Additionally, Phil Dunster portrays Col. John Armstrong, Daisy's father, while Miranda Raison portrays Sonia Armstrong, Daisy's mother.

Production 
20th Century Fox announced the project in December 2013. Michael Green wrote the screenplay for a new film adaptation of Murder on the Orient Express. On June 16, 2015, it was reported Fox was in talks with Kenneth Branagh to direct. On November 20, 2015, it was announced that Branagh would both direct the film and star in the role of detective Hercule Poirot. He later said that he "enjoyed finding the sort of obsessive-compulsive in [Poirot] rather than the dandy."
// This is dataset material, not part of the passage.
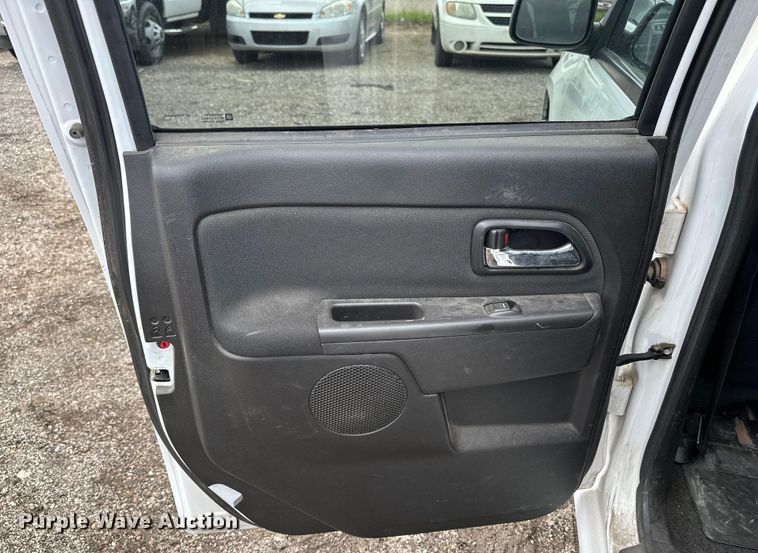 image for item EN8423 2008 Chevrolet Colorado Crew Cab pickup truck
In June 2016, Angelina Jolie entered into "talks" to join the cast of the film, in the role of Mrs Caroline Hubbard. However, it was later reported that Jolie had passed on the role and that Charlize Theron, among others, was in consideration for the role. In August 2016, Leslie Odom Jr. joined the cast. In September 2016, Tom Bateman, Johnny Depp, Michelle Pfeiffer, Daisy Ridley, Michael Peña, Judi Dench, Lucy Boynton and Derek Jacobi joined the cast. In October 2016, Josh Gad and Marwan Kenzari joined the cast. In November 2016, Penélope Cruz joined the cast. In December 2016, Sergei Polunin joined the cast. In January 2017, Willem Dafoe and Manuel Garcia-Rulfo joined the cast with the latter replacing Peña, who had dropped out of the project.

Principal photography on the film began on November 22, 2016, in the United Kingdom, and concluded in May 2017. It used some of the same 65mm film cameras as Christopher Nolan's Dunkirk, which Branagh had acted in shortly before the production. The two were among the very few to be shot on 65 mm film since Branagh's Hamlet in 1996, and the only ones released in 2017. While in post-production, Branagh "was Skyped in from thousands of miles away" to watch Pfeiffer record an original song called "Never Forget" for the film's finale. "As soon as we added it on to the end of the film, it joined seamlessly and gave a moment of reflection and consideration that the film needed and wanted," said Branagh.

Release
A first look at the film and cast was released on May 3, 2017, in an exclusive article by Entertainment Weekly.

Murder on the Orient Express was released in the United Kingdom on November 4, 2017, and in the United States on November 10, 2017, by 20th Century Fox. The film was released on digital HD on February 20, 2018, and on Ultra HD Blu-ray, DVD and Blu-ray on February 27, 2018.

Reception

Box office 
Murder on the Orient Express grossed $102.8 million in North America and $250 million elsewhere for a worldwide total of $352.8 million, against a production budget of $55 million.

In the United States and Canada, Murder on the Orient Express was released alongside Daddy's Home 2, and was projected to gross around $20 million from 3,341 theaters in its opening weekend. The film made $10.9 million on its first day, including $1.6 million from Thursday night previews at 2,775 theaters. It ended up grossing $28.7 million, finishing third at the box office, behind holdover Thor: Ragnarok, and Daddy's Home 2. On the film's opening weekend, 51% of the audience was over the age of 35. In its second weekend, the film took in $13.8 million (a drop of 51.9%), finishing fifth, behind Justice League, Wonder, Thor: Ragnarok and Daddy's Home 2.

Critical response 
On review aggregator Rotten Tomatoes, the film has an approval rating of 61% based on 300 reviews, with an average rating of 6.1/10. The website's critical consensus reads: "Stylish production and an all-star ensemble keep this Murder on the Orient Express from running off the rails, even if it never quite builds up to its classic predecessor's illustrious head of steam." On Metacritic the film has a weighted average score of 52 out of 100, based on 46 critics, indicating "mixed or average reviews". Audiences polled by CinemaScore gave the film an average grade of "B" on an A+ to F scale.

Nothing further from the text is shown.